Alloy GGP: Implication deduction: Logic over propnets

Today I'd like to share a simple and surprisingly useful algorithm for making logical inferences about games using propositional networks.

I developed this as part of the implementation for a more specific feature (one of the applications listed below). Although it was developed in the context of a larger feature, I wrote the code for this step to stand alone, and it has proved useful in quickly writing other features that involve understanding games more deeply.

The question that it answers is simple: given a set of components that we know to be true or false in a propnet, which other components are also guaranteed to be true or false? I call this implication deduction.

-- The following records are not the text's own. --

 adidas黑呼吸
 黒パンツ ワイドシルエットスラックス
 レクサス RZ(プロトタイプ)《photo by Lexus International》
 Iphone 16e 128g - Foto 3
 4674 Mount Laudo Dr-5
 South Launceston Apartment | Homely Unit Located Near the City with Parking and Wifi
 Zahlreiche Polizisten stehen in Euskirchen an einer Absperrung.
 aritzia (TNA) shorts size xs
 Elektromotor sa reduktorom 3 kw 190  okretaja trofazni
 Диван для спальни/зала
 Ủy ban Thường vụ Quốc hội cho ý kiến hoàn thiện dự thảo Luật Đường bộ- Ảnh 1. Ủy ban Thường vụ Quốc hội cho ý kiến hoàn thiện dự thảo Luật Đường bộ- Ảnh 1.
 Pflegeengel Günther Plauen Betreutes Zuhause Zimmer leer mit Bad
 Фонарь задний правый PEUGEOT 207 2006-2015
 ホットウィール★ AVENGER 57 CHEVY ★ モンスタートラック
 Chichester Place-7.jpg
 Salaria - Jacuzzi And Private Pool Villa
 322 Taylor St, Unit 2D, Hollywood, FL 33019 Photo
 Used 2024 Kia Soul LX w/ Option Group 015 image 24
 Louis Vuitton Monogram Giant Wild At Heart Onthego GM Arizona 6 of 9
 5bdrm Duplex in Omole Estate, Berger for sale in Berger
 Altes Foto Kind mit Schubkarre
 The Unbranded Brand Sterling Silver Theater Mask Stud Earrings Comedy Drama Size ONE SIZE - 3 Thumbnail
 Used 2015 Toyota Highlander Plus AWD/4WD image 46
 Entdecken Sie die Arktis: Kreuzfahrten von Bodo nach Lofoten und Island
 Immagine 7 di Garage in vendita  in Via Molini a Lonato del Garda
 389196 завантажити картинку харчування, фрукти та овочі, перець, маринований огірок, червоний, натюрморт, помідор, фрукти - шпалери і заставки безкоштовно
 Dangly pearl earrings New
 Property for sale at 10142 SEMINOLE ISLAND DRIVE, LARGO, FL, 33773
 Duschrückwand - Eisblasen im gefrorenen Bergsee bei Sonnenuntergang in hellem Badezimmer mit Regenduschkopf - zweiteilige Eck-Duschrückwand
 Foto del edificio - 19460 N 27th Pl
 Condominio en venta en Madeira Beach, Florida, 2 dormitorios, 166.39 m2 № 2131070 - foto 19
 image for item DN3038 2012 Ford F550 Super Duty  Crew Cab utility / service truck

The algorithmically astute among you may notice that a complete solution to this problem is equivalent to the Satisfiability problem, and so would be computationally intractable. The good news is that we don't need to solve this problem completely. We can usually make do with a subset of the components that we could, in theory, identify as having fixed values. In fact, it can make sense to use multiple implementations with different tradeoffs between speed and completeness. In some applications, this will be run once per game; in others, it may be run once per legal move, or per state of the game.

There's also a twist we apply to make this more useful: We want to be able to track these implications across multiple turns. This involves pairing our references to components with logical turn numbers. (These don't have to match real turn numbers; if I'm considering two consecutive turns, I'll always use 0 to indicate the earlier turn and 1 the later turn.) Luckily, due to the nature of the propnet's construction, this does not make the algorithm significantly more complicated. We can take advantage of the transition components that mark the boundary between turns, and use these to note when we cross from one turn to another (or when we reach the boundary of our time span of interest).

The algorithm

We refer to the possible component types in a propnet with the capitalized names Proposition, Transition, Or, And, and Not, to match the class names used in GGP-Base. (Support for Constants can easily be added.)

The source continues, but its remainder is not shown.